Splitting¶
Stratified train/development holdout used by the refinement loop to decide patch acceptance on data the rules were not tuned on. See Holdout Acceptance for the conceptual overview.
split_dataset¶
split_dataset(dataset, holdout_fraction=0.2, seed=42, min_dev_size=5)
¶
Split a dataset into train and held-out dev portions.
Examples are split stratified by class signature. Corrections always stay in train: they are explicit user fixes that must drive patching, and holding them out would hide the highest-value signal from the learner.
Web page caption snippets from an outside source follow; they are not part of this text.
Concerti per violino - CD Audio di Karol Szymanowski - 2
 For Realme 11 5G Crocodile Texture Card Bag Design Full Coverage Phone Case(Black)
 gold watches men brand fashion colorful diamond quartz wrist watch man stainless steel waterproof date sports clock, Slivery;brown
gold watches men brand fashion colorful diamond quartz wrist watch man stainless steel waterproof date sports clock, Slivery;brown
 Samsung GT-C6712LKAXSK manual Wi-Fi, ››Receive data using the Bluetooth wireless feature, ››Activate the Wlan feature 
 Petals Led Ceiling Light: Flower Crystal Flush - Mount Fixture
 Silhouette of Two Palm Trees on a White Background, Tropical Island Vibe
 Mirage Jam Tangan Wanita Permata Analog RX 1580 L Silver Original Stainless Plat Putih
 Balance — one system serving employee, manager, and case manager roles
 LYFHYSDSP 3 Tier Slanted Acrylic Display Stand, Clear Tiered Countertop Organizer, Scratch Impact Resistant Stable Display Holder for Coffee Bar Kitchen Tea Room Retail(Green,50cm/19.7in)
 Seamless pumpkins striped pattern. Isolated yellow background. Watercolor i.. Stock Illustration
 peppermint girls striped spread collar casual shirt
Feedback and existing rules are shared with the train split.
Parameters:
| Name | Type | Description | Default |
|---|---|---|---|
dataset
|
Dataset
|
Source dataset (not mutated). |
required |
holdout_fraction
|
float
|
Fraction of examples to hold out (0 < f < 1). |
0.2
|
seed
|
int
|
Random seed for the shuffle within each stratum. |
42
|
min_dev_size
|
int
|
If the resulting dev set would be smaller than this, no split is performed and (dataset, None) is returned. |
5
|
Returns:
| Type | Description |
|---|---|
Dataset
|
Tuple of (train_dataset, dev_dataset). dev_dataset is None when the |
Dataset | None
|
dataset is too small to split safely. |